Сила моего вдохновения в то время (в <18>73 году) была до того велика, что я сам теперь дивлюсь моей тогдашней смелости. Теперь, обладая сравнительно гораздо большей начитанностью и литературным опытом, я не в силах бы был написать ничего подобного. Тогда – я думал так: «Если я ошибусь в исторических фактах, это не важно; гипотеза может оказаться верною и при недостаточных фактах; другие более меня ученые, более терпеливые и более осторожные объяснят меня. А если они опровергнут мою гипотезу триединого процесса, то уж буржуазность-то югославян, их нерелигиозность, их либеральный европеизм никто отвергнуть не может. Это уж не гипотеза, а грубейшие факты».
Прилагая эту мою гипотезу триединого процесса (первоначальной простоты, цветущей сложности в мистическом единстве и вторичного смешения) к волновавшему меня в ту минуту частному греко-болгарскому вопросу, древний корень единства восточно-славянского мира я видел в преданиях греческого духовенства, в историческом воспитании его (независимость церковной власти), в психических, так сказать, навыках высшего греческого монашества.

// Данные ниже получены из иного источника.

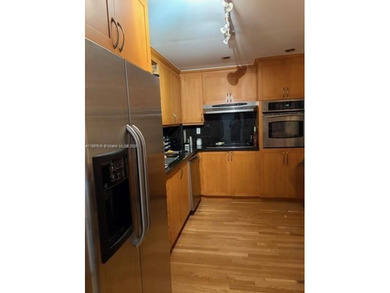 Live in Edgewater Drive-Millionaire Road!!  The best of Coral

В чисто славянских сочувствиях наших я чуял все тот же всесмесительный, радикальный европеизм, которого еще давным-давно и Хомяков, и Ив. С. Аксаков, и сам Катков учили меня бояться и чуждаться.
А почему Катков и Аксаков не узнавали того же европейского радикализма в этом частном болгарском случае – это их дело. Я не знаю наверное почему; но, вспоминая при этом русскую пословицу: «На всякого мудреца довольно простоты», думаю так: Аксаков был пламенный поклонник славянства во что бы то ни стало; он слепо веровал в его залоги; а Катков был гениальный оппортунист, но действительной дальновидностью не отличался; по крайней мере в явных, писанных взглядах своих.

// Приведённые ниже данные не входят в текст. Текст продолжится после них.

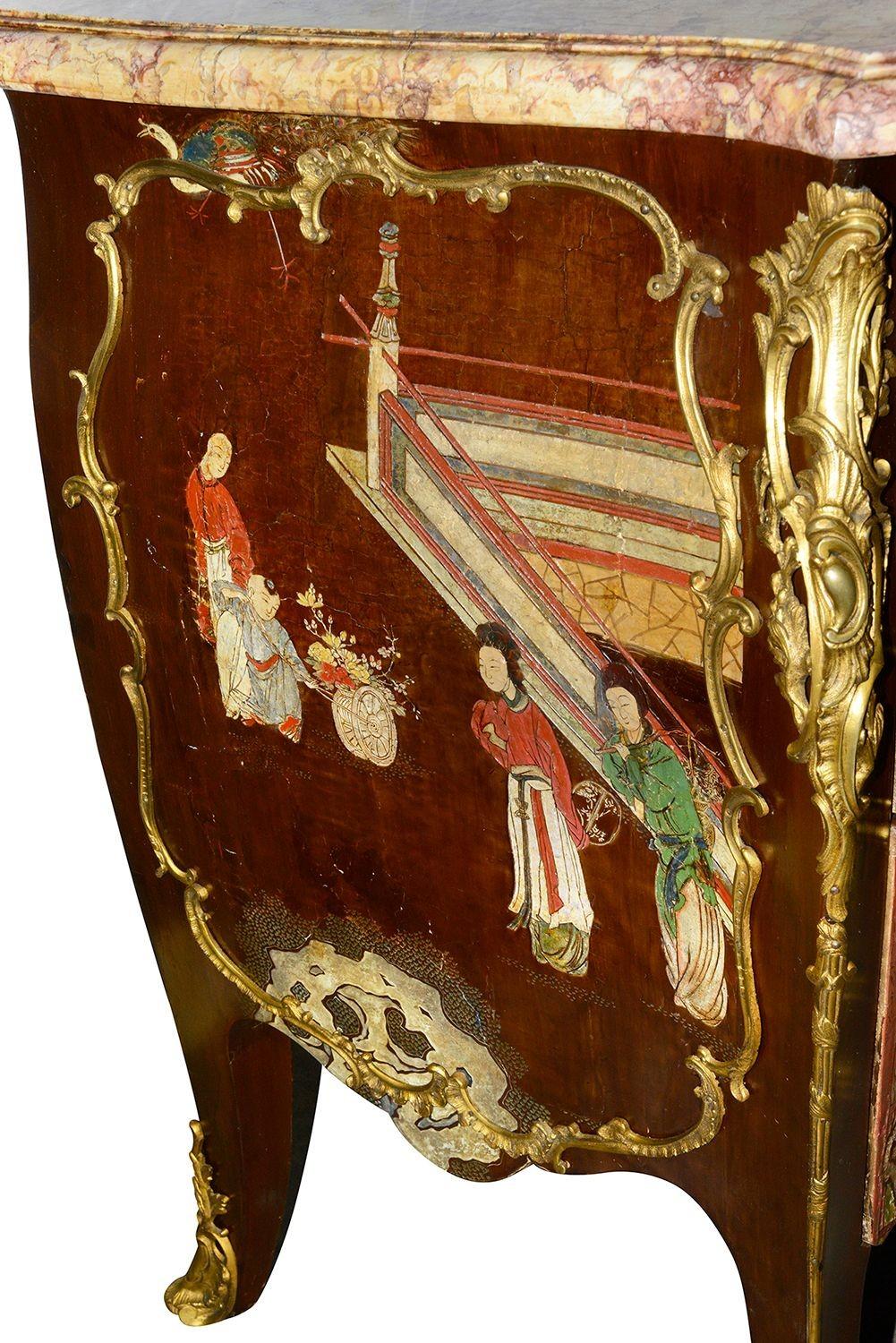Commodo laccato in stile Chinoiserie del XVIII secolo. in vendita 1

Как лично верующий христианин, как ученик и послушник афонских монахов, «обвеянный тогда Афоном» (как выражался покойный Климент Зедергольм), я считал тогдашние политические действия князя Горчакова и графа Игнатьева прямо их личным грехом.
Точно таким же греховным дерзновением я считал и статьи Каткова и Аксакова в защиту болгар.

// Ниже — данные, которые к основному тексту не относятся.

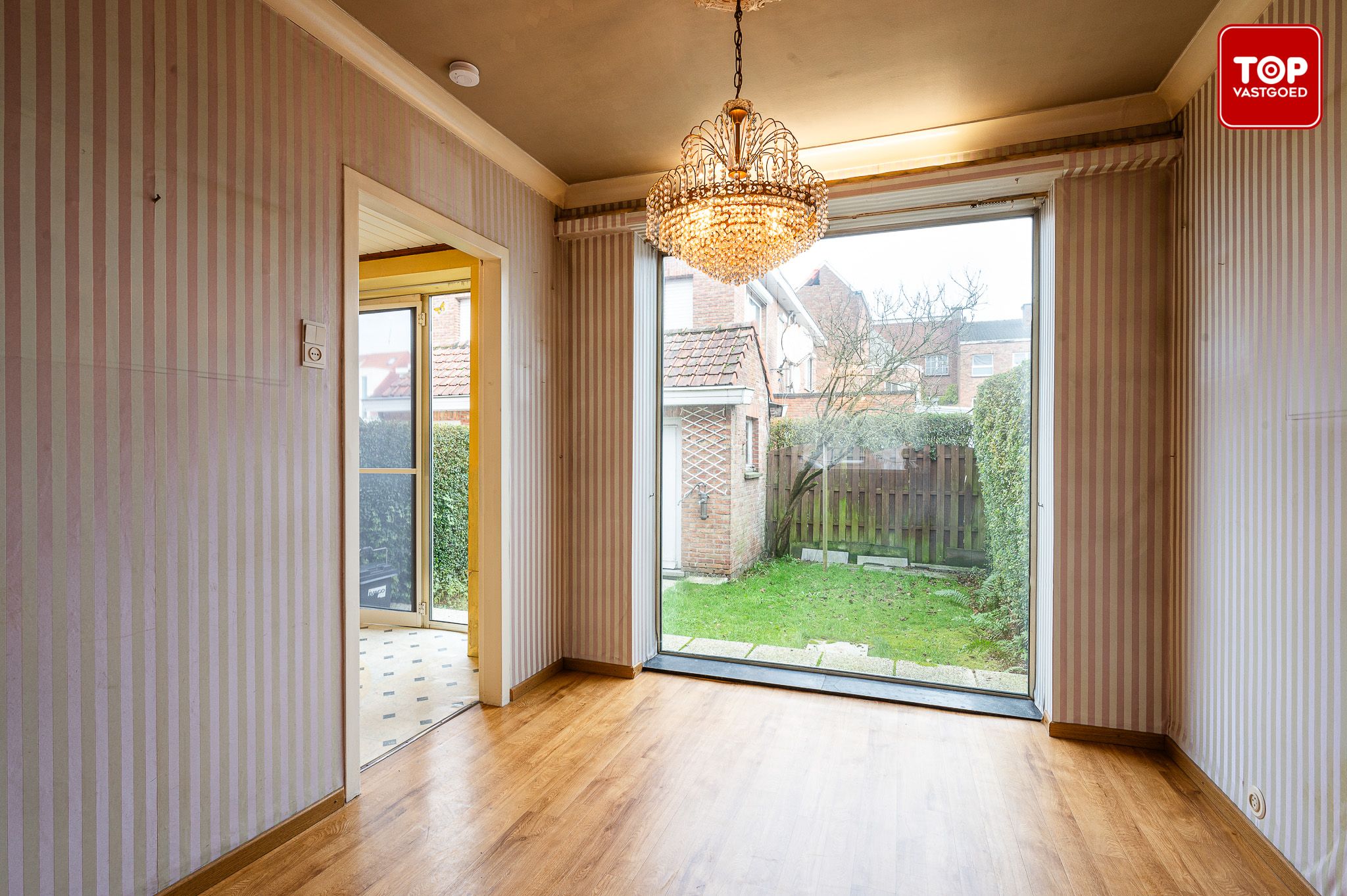 te renoveren woning met 3 slaapkamers en leuke tuin foto 6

Как человек, уже привычный сам и к мелкой политической практике, и к пониманию общегосударственных вопросов, я находил опасным сдвигать нашу восточную политику с привычного, векового пути греко-русского единения.
Как русский гражданин, как патриот, я возмущался тем, что мощные представители императорской России, графы и князья наши, тянутся боязливо по следам каких-то славянских холуев-демагогов.
Бога дипломаты наши не боятся оскорбить (думал я), потворствуя нарушению древних и весьма существенных канонов; а боятся раздражить каких-то паршивых болгар, которых как мух Россия может задавить одной лишь ступней своей.